GAs—to expand on the question if I may, do you guys think it’s possible for such a relationship to evolve into one that is committed?
I just went through this, and my answer would be No. The uncertainty caused me to remain at a distance and the relationship never gained depth, never progressed and ultimately disappeared.
Yes @ette_ I do. We may start out not wanting commitment but as we get to know the person better, our own circumstances or needs change, yes the status of a relationship can evolve and change. It depends on the people and their circumstances.
I should add, it does also depend on honesty. I have heard both men and women saying they don’t want commitment when they absolutely do but don’t want to scare the person they are interested off and that person doesn’t want commitment. In those cases, no. You have to be honest with yourself about what you want and whether the person you are with is in the same place. If either isn’t being honest, or is at a different place then no.
The only way to achieve this is to live in the moment and not worry about the future.
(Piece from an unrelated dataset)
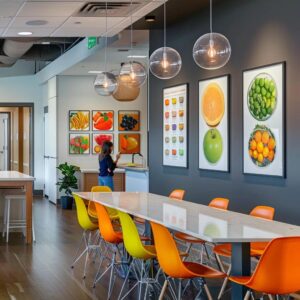 a sleek, modern office space in stamford, featuring a vibrant nutrition coach engaging with clients over colorful meal plans and lifestyle charts, illuminated by soft, warm lighting that enhances the inviting atmosphere.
In my last relationship, I knew the girl well enough to know that it wouldn’t last. I loved her so I was hopeful but I knew better. I was insanely happy at times and insanely miserable at times with little middle ground. When I finally decided to get with her, I thought the timing was right and Iived with the moment but it eventually fell apart anyway. I think a person can be happy and unsure about a relationship but it takes away from it in the long run.
I’d say the biggest predictor of whether you will be happy in a relationship is whether you were happy before the relationship. Some of us are just better at being happy.
@6rant6 ga.
still—i would draw a distinction between ‘should i be in this relationship at all?’ and ‘will it last?’ it might never be possible to know a relationship will last, but sometimes you do know for sure that it won’t. you can still have a great in-the-meantime relationship.
but if you doubt that you ought to be in it at all, how can you really be all the way in it? if you’re holding back, sustaining tension, feeling divided—it’s going to affect everything. i don’t see how that state of things is compatible with genuine happiness.
Anything is possible.
Do you have any specifics on why they are unsure currently?
Depends on what you mean by ‘not sure about the relationship’.
@Jeruba I see it differently.
I think it’s difficult to predict where a relationship is headed. I mean really, how good are we at predicting where our individual lives are headed! But a relationship?
So to me, if it’s not good now, fix it or go. If it is good, then you’ll just have to wait and see. You can’t know where it’s going.
I knew a couple who married with him wanting a family and her knowing she never wanted to have children. Ten years later they had three. I knew a couple who married despite religious differences – he Jewish, she Catholic. Ten years later, she converted so that they could take their children to Israel to see his parents. And she kept a kosher house after that – for herself not for him. I knew a player who’d been with (according to him) a thousand women. But he met and fell in love with a women (who already had kids) and he became a committed family man. I’ve known people who thought they were on the same track until one of them turned out to be on a tandem with someone else.
When OP says, “I’m not sure about it” I’m thinking things aren’t quite right. So I go back to rule 1: fix it or go. Otherwise, smile for the camera!